Popular classical works, no matter from which epoch, are partly short ... just like new hits today. That is, between three and five minutes long. But there are also ultra-long ones: for example, the absolutely unknown work by the Frenchman Erik Satie: 18 hours and 45 minutes long. There are 180 notes, and they are to repeat 840 times. The second-longest classical work is by Richard Wagner, who is 100-times more famous. It is the opera "The Ring of the Nibelung", 16 hours ... but not in one piece.

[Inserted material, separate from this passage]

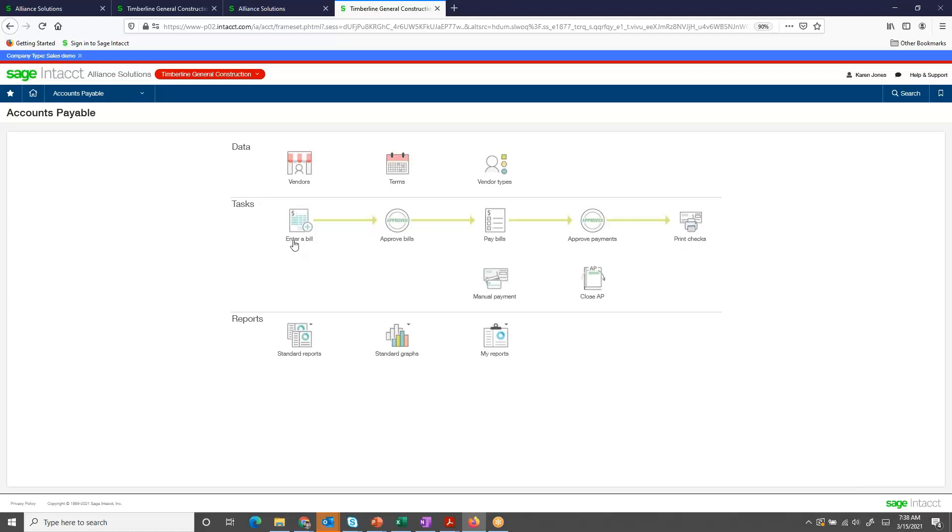First, I'm going to enter the bill. Then another user is going to approve bills. I'll select bills to pay, and then another user may approve payments, and then we'll print checks. But today, we're just going to cover entering bills and approving.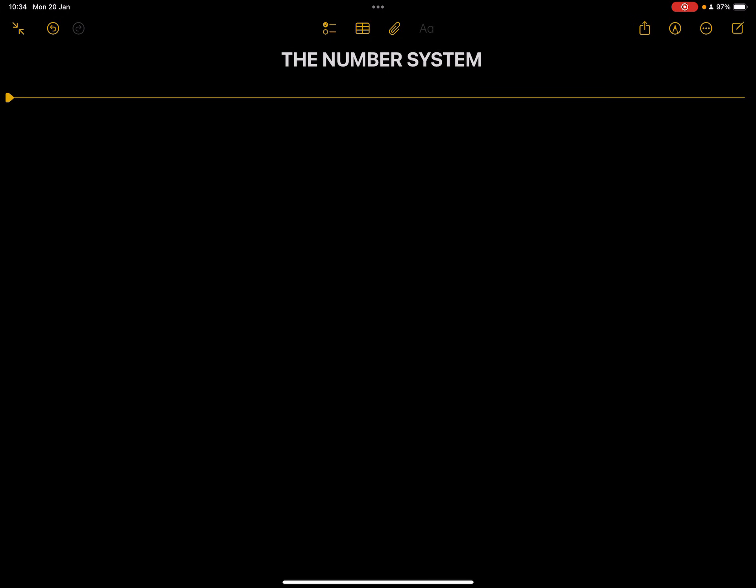So today we are looking at number systems. We're going to just quickly recap on what you've already done in grade seven and build on from that. Let's talk about the first type of number systems that we've got.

That about the longest pieces. But who wrote the most? Bach ... says the Bach expert, who is already mentioned above ... is said to have written 11,000 pieces. He assumes that 90 percent of them are lost. That leaves about 1,128. And otherwise? Telemann is the busiest classical composer: with 3,600 pieces. Regarding the Ave Maria: Is it by Bach? No, it's by Bach and Gounod. Today, kids would say "Bach feat. Gounod". It's the first famous collaboration of two greats in music. Then there's the work "Ellens dritter Gesang" ("Ellen's Third Song"), but it's much better known as "yet another" Ave Maria. Namely, by Schubert. So, the "Ave Maria No. 2", so to speak. By the way, Mozart, Beethoven and also Bach were musical prodigies. However, Bach scientists have only discovered that in recent years. Bach and Handel: Did you know that both were born in the same year, both suffered from cataracts and both were operated on by the same London oculist John Taylor ... and unsuccessfully, Bach even twice and 100 patients more ... just as unsuccessfully.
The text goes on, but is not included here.